Rutilio Rufo lanzó un prolongado suspiro de impaciencia.

—Cayo Mario, ¡ojalá supiera por qué tardas tantísimo en decir lo que tienes que decirme!

—Ni yo mismo lo sé muy bien —replicó Mario—. Unicamente que noto un mar de fondo en el clan de las familias notables, un nuevo sentimiento de la importancia de los aliados itálicos. No creo que sean conscientes de que esa importancia pueda constituir un peligro para Roma, y sólo actúan por instinto, sin entenderlo. ¿Será que barruntan algo...?

—Tú sí que barruntas algo —dijo Rutilio Rufo—. Bien, eres un hombre muy sagaz, Cayo Mario. Y por mucho que te haya contrariado, también he tomado buena nota de lo que me has dicho. A primera vista, un cliente es poca cosa. Su patrón puede ayudarle mucho más de lo que él puede ayudar al patrón, salvo en el caso de elecciones o de un desastre. En lo único que quizá pueda servirle es negándose a actuar en contra de sus intereses. Los instintos son importantes; estoy de acuerdo. Son como luces que iluminan zonas de hechos ocultos, muchas veces antes que la propia lógica. Así que, tal vez tengas razón en cuanto a lo del mar de fondo. Y quién sabe si alistar a todos los aliados itálicos a título de clientes de una gran familia romana no es el medio para contrarrestar ese peligro que dices se cierne. Sinceramente, no lo sé.

—Ni yo —dijo Mario—. Pero estoy alistando clientes.

—Y te vas por las ramas —añadió Rutilio Rufo, sonriendo—. Si no recuerdo mal, empezamos hablando de mi sobrino Druso.

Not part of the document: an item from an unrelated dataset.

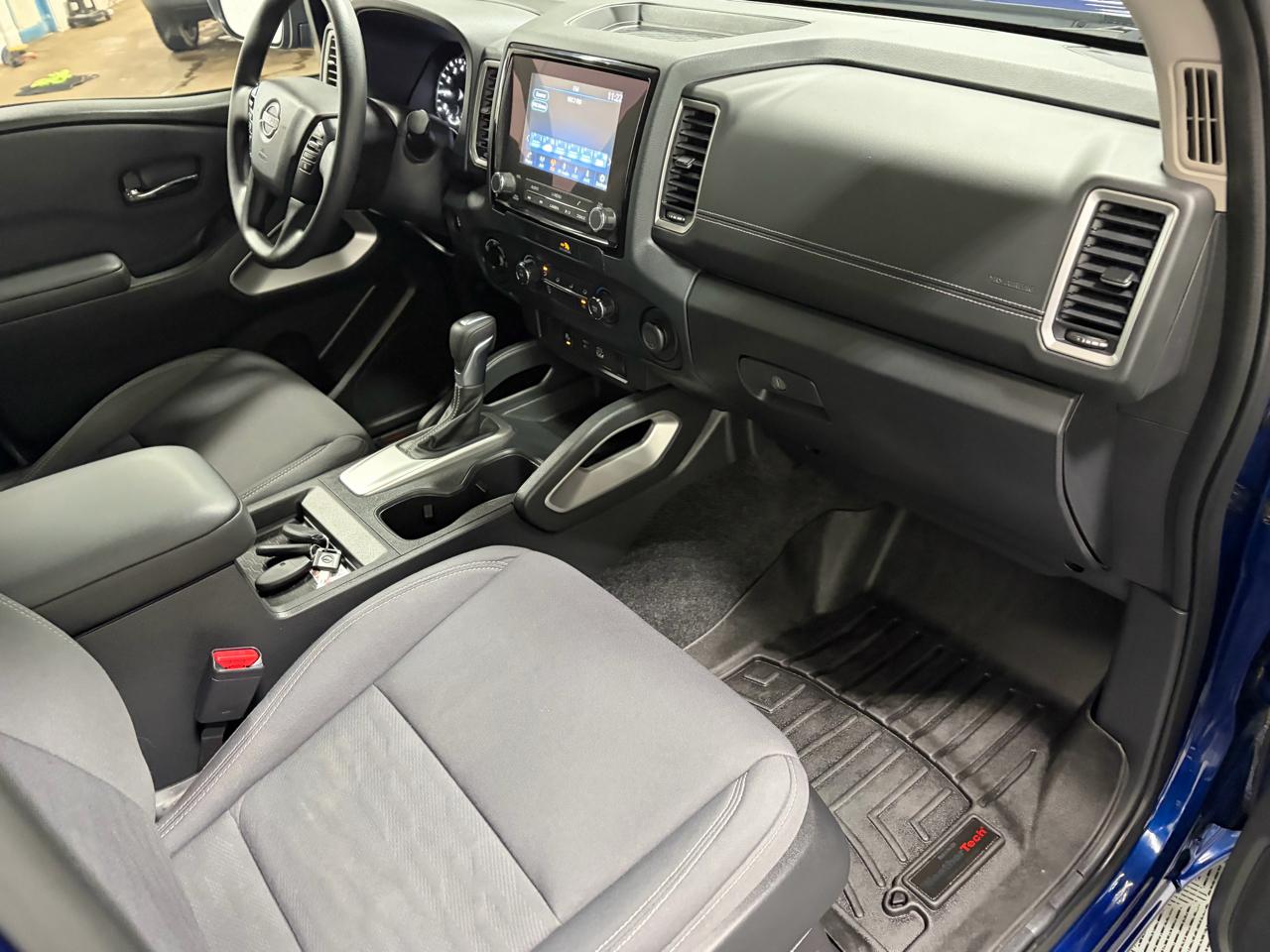 Nissan Frontier Crew Cab 4x4 SV 2022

Mario dobló las piernas y se puso en pie tan súbitamente, que Rutilio Rufo, que había vuelto a cerrar los ojos, se llevó un sobresalto.

—¡Ya lo creo! Ven, Publio Rutilio; no lleguemos tarde a que veas un ejemplo del nuevo sentimiento hacia los aliados itálicos que hay entre las familias notables.

—¡Voy, voy! —dijo Rutilio, poniéndose en pie—. Pero ¿adónde?

—Al Foro, por supuesto —respondió Mario, iniciando el descenso de la rampa del templo hacia la calle—. Ahora mismo se está celebrando un juicio, y espero que lleguemos antes de que concluya —añadió mientras caminaban.

—Me sorprende que lo supieras —dijo secamente Rutilio Rufo, dado que Mario no era muy dado a preocuparse por los juicios del Foro.

—Y a mí me sorprende que no hayas asistido a él ninguno de estos días —replicó Mario—. Al fin y al cabo, es el estreno de tu sobrino como abogado.